Где же искать могилу с деревянным крестом?
Мы тщательно осматриваем лес и берег, но нигде не видим креста.
— А вдруг крест давно упал, — высказал разумную мысль Саша.
— Пойдемте тогда шеренгой с холма к Енисею и будем смотреть по сторонам, тропа-то нас привела на холм, и бежит она дальше к реке, — предложил Илья.
И мы начали прочесывать лес. К счастью, лес был здесь редкий. Скоро Енисей. Уже слышен плеск его волн, шум бредущих вниз и вверх самоходных барж, почтовых катеров. Степенные белоснежные пассажирские лайнеры появляются редко — немного населения на берегах этой суровой и прекрасной сибирской реки.
— Все сюда, — раздается звонкий крик Саши, и мы несемся к нему. Он стоит, гордо опираясь на крестовину массивного деревянного креста, вырубленного из кедра… Крест не упал, а просто скрылся в кустарниках, хотя то место, где он стоит, свободно и от кустов, и от деревьев.
Нашли!
Неторопливо развязываем рюкзаки. Рубим сухие ветви. Раскладываем костер, пристраиваем чайник над ним. Не торопимся. Даже не разговариваем, только ждем, когда закипит вода. Закипела, Клава швыряет прямо в чайник пачку чая и ставит его у затухающего костра.
Попили чайку, перекусили, даже немного отдохнули и взялись за лопаты. Женя устроилась с блокнотом, чтобы записывать ход нашей работы, а Клава пошла на Енисей к рыбакам за рыбой.
Подняли верхний слой мха и травы и обнаружили полусгнившие полозья оленьих санок, с пробитым днищем кастрюлю, а также испорченную кружку. Это всюду — сопроводительный инвентарь специально портят, потому что тот мир, куда уходит умерший, не обычный, не целый мир, а мир тления. В нем разрушенная жизнь существует в новой цельности и разрушенные вещи становятся целыми, а целые — разрушенными. Что поделаешь, так считают, так представляют себе потустороннюю жизнь кеты.
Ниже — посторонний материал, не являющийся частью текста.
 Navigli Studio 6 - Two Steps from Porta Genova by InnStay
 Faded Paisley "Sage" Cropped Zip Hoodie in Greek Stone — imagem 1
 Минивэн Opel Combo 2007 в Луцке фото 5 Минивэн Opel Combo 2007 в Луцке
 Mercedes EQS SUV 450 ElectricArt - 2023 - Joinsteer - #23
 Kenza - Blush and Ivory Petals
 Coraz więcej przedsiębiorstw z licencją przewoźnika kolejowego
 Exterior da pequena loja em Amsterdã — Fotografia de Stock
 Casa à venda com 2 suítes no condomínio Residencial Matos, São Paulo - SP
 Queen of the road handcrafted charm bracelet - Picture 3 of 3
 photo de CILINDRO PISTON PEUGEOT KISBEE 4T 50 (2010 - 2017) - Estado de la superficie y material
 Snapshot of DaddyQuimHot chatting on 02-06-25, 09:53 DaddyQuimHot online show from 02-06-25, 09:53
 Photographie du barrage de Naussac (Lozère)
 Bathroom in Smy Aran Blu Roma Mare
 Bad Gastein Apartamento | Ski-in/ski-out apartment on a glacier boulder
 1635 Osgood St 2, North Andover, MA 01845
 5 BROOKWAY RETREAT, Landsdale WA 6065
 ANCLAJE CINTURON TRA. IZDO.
Копаем огромную яму: длиной в два метра, шириной в полтора. Копаем бодро. Вот идет песок со следами золы — наверняка после похорон жгли костер, чтобы огнем очистить самих себя от духа смерти. Уже углубились на целый метр. Все только песок и песок, да куски глины с песком. Нет ни гроба, ни захороненного. Копаем дальше. Стало много труднее, приходится буквально острием лопат крошить землю, которая теперь идет в виде песка и глины, спаянных льдом: начинается вечная мерзлота. Уже яма глубиной в один метр семьдесят сантиметров. И ничего. Еще копаем. Очень трудно, надо бы разогревать эту землю, класть костер. Если бы так же делали те, кто соорудил крест, то следы углей были бы в слоях земли. Их нет. А может быть, нет и захоронения? Просто поставили крест в память о христианизации края, и только. А как же слова Харлампия, ведь мы у него спрашивали о кетских могилах. «Какой идиот будет копать на севере в вечной мерзлоте такую глубокую яму, — как бы повторяет наши слова Илья и добавляет: — Здесь ничего нет и быть не может. Мы уже на глубине почти двух метров».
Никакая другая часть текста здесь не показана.